Carr Massi

Disability Rights Advocate. Former President, Disabled In Action. Co-Founder, Metropolitan Chapter of the National Paraplegia Foundation.

The beloved elder of the New York City Disability Rights Movement, Carr’s career began in the mid-1960s with a stint at Courage, Inc., a disability self-help organization. From there, she joined Disabled In Action (DIA). She twice served as DIA President and, remarkably enough, she still remains a force there, after fifty years. In between, Carr has been involved with virtually every aspect of the New York City movement. She co-founded the Metropolitan Chapter of the National Paraplegia Foundation, and was deeply involved in that body’s conversion into the Center for Independence of the Disabled, New York (CIDNY).

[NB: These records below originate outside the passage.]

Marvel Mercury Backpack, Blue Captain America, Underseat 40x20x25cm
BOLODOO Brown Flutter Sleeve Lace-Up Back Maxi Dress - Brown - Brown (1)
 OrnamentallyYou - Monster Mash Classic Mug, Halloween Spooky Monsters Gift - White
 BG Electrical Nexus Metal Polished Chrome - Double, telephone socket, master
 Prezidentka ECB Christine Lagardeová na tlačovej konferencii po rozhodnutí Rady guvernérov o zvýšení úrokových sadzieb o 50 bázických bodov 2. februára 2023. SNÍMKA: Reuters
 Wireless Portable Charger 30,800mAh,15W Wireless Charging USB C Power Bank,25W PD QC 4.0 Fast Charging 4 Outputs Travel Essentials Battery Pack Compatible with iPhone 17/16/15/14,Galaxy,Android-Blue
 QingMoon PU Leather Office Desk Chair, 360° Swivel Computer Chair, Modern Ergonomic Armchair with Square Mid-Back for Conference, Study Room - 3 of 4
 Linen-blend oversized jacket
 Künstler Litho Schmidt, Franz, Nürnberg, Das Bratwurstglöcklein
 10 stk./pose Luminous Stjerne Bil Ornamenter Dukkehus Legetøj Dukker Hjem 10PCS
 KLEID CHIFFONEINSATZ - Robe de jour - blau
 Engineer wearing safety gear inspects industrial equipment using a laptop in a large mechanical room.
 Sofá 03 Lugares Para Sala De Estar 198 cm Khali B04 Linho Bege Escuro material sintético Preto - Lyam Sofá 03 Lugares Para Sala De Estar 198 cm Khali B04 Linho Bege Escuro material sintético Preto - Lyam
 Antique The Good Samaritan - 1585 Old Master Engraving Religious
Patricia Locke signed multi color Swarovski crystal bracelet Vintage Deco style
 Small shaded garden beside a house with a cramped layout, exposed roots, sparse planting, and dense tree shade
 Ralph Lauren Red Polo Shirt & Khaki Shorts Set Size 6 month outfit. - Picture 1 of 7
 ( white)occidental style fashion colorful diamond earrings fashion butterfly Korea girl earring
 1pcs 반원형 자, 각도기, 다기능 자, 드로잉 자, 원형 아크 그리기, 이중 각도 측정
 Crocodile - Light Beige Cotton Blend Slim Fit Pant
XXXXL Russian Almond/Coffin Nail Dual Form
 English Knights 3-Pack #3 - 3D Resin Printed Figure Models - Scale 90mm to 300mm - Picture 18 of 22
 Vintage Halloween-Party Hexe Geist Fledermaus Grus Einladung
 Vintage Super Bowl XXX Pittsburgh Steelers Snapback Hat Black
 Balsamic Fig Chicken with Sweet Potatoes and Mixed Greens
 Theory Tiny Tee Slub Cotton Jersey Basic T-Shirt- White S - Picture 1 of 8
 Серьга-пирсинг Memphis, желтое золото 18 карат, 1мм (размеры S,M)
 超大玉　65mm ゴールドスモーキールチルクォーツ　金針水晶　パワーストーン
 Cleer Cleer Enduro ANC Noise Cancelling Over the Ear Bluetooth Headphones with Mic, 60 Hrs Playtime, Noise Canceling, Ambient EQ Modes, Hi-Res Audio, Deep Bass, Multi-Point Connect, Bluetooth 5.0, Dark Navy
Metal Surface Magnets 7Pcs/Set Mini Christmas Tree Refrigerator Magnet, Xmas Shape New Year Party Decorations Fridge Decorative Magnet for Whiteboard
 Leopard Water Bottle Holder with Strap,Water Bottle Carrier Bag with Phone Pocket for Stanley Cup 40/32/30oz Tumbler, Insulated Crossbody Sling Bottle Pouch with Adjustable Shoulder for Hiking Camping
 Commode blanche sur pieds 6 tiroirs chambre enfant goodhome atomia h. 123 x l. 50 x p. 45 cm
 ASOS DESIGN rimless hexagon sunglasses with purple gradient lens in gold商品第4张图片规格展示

She was President of the Board of Directors of the Brooklyn Center for Independence of the Disabled (BCID), and worked at the Rusk Institute and in the Occupational Therapy Program at New York University.

One of Carr’s most fondly remembered positions was serving as Program Coordinator for The Networking Project, a mentor-mentee project for young adults with disabilities, which was founded by Harilyn Rousso and based at the 53rd street YMCA. Carr ran the program for six years during the 1990s.

Over more than half a century of activism, Carr has developed an unparalleled collection of movement literature and ephemera, and she played a critical role in the first (and so far only) museum exhibit on the history of disability and disability activism in New York City—“Gaining Access”— which ran at the Brooklyn Historical Society in the summer and fall of 2015.

Carr has never lost her anger. And she has probably attended more street actions and worked with more people than just about anyone else.